> [How to complete this task]:
What is needed is an exact copy of the line that contains "Equipment included with" and of all later lines to the end of the records below, with no other lines.

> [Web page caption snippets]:
****************************************

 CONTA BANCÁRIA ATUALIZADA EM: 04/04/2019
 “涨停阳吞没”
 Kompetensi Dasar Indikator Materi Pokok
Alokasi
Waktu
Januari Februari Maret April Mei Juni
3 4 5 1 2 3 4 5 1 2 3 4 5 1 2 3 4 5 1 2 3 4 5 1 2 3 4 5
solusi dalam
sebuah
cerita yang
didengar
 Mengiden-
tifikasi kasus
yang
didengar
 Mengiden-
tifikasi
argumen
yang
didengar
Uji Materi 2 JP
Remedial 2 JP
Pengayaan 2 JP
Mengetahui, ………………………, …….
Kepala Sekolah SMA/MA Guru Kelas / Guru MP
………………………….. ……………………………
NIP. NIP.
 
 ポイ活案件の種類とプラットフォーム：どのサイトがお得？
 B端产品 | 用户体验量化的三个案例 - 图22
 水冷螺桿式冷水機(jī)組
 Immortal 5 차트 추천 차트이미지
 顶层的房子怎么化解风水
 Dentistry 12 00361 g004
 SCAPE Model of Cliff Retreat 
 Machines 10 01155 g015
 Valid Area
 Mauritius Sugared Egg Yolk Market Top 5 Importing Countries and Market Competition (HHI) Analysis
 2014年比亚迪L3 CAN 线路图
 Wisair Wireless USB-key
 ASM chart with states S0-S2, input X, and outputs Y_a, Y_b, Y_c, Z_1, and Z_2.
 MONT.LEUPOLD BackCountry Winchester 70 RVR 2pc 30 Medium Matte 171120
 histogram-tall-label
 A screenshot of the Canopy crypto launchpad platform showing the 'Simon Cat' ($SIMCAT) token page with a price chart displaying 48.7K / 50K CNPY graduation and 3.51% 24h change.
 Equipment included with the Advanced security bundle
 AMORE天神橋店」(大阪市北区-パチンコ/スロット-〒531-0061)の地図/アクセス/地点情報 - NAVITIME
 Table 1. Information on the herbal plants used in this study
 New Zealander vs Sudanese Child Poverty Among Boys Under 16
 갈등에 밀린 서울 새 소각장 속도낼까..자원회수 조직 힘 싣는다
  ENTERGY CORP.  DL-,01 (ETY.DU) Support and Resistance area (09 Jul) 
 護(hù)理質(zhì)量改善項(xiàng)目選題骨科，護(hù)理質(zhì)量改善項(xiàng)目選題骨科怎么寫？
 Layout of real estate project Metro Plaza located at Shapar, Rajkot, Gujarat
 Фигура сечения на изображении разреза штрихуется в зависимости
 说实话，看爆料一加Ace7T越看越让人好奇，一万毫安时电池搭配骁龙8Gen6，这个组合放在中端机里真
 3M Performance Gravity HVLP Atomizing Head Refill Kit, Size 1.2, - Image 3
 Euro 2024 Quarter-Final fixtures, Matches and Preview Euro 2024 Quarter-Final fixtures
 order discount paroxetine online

****************************************

> [Reply]:
 Equipment included with the Advanced security bundle
 AMORE天神橋店」(大阪市北区-パチンコ/スロット-〒531-0061)の地図/アクセス/地点情報 - NAVITIME
 Table 1. Information on the herbal plants used in this study
 New Zealander vs Sudanese Child Poverty Among Boys Under 16
 갈등에 밀린 서울 새 소각장 속도낼까..자원회수 조직 힘 싣는다
  ENTERGY CORP.  DL-,01 (ETY.DU) Support and Resistance area (09 Jul) 
 護(hù)理質(zhì)量改善項(xiàng)目選題骨科，護(hù)理質(zhì)量改善項(xiàng)目選題骨科怎么寫？
 Layout of real estate project Metro Plaza located at Shapar, Rajkot, Gujarat
 Фигура сечения на изображении разреза штрихуется в зависимости
 说实话，看爆料一加Ace7T越看越让人好奇，一万毫安时电池搭配骁龙8Gen6，这个组合放在中端机里真
 3M Performance Gravity HVLP Atomizing Head Refill Kit, Size 1.2, - Image 3
 Euro 2024 Quarter-Final fixtures, Matches and Preview Euro 2024 Quarter-Final fixtures
 order discount paroxetine online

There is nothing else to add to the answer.